From what I understand, JVN, Poincaré, and Terence Tao all had/have issues with perceptual intuition/mental visualization. JVN had “the physical intuition of a doorknob,” Poincaré was tested by Binet and had extremely poor perceptual abilities, and Tao (at least as a child) mentioned finding mental rotation tasks “hard.”
I also fit a (much less extreme) version of this pattern, which is why I’m interested in this in the first place. I am (relatively) good at visual pattern recognition and math, but I have aphantasia and have an average visual working memory. I felt insecure about this for a while, but seeing that much more intelligent people than me had a similar (but more extreme) cognitive profile made me feel better.

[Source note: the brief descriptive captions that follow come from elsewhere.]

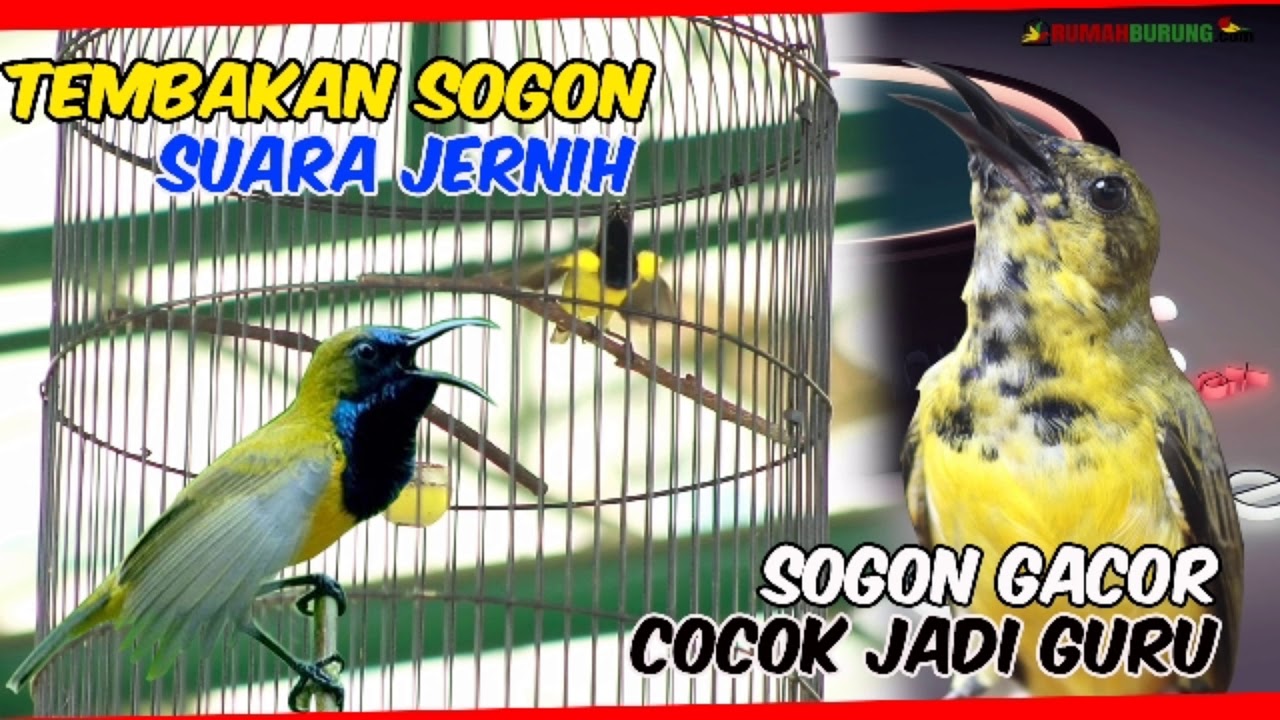 TEMBAKAN SOGON NGALAS SUARA JERNIH || SOGOk ONTONG  GACOR DOR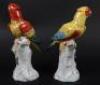Two Dresden porcelain parrots - 3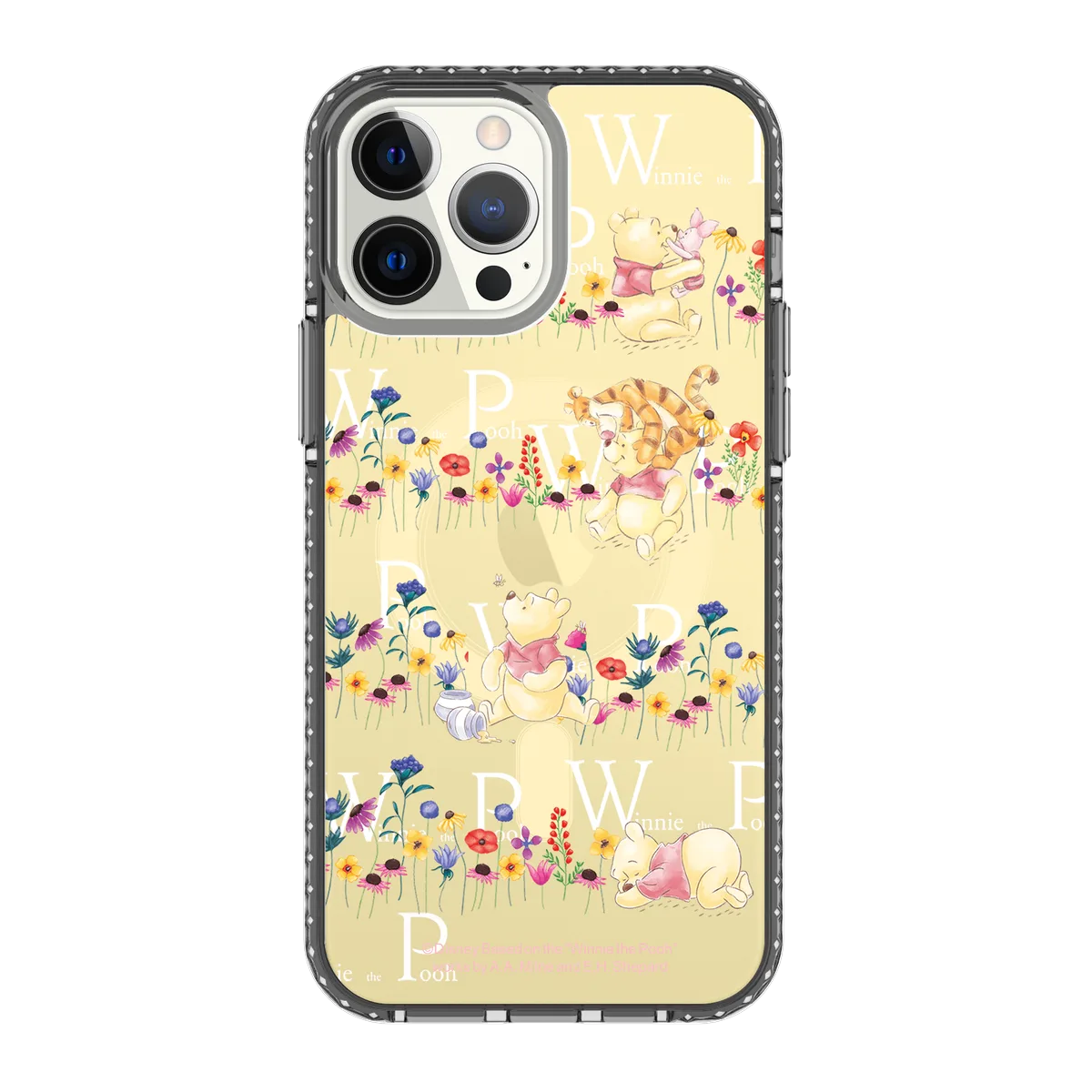 4184-iphone-13-pro-max-golden-case-magsafe-compatible-transparent-black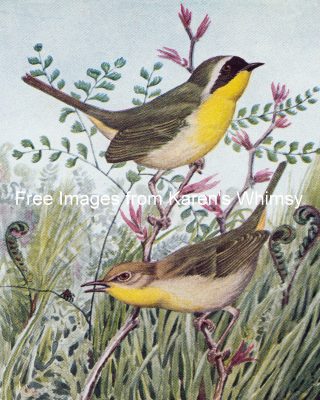 Bird Illustrations 1 - Maryland Yellowthroat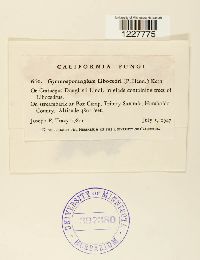 Image Associated With the Occurence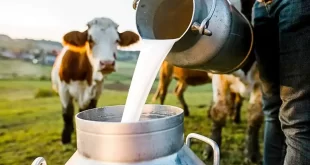 Exportaciones de leche baten récord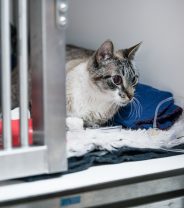 Do Cats Feel Pain After Surgery Like We Do? 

Does anybody have a satisfactory explanation for this profile beyond a simplistic “tradeoffs” explanation?
Edit: Some claims about JVN/Poincare may have been hallucinated, but they are based at least somewhat on reality. See my reply to Steven
Oh I was actually hoping you’d reply! I may have hallucinated the exact quote I mentioned but here is something from Ulam: “Ulam on physical intuition and visualization,” it’s on Steve Hsu’s blog. And I might have hallucinated the thing about Poincaré being tested by Binet, that might just be an urban legend I didn’t verify. You can find Poincaré’s struggles with coordination and dexterity in “Men of Mathematics,” but that’s a lot less extreme than the story I passed on. I am confident in Tao’s preference for analysis over visualization. If you have the time look up “Terence Tao” on Gwern’s website.
I’m not very familiar with the field of neuroscience, but it seems to me that we’re probably pretty far from being able to provide a satisfactory answer to these questions. Is that true from your understanding of where the field is at? What sorts of techniques/technology would we need to develop in order for us to start answering these questions?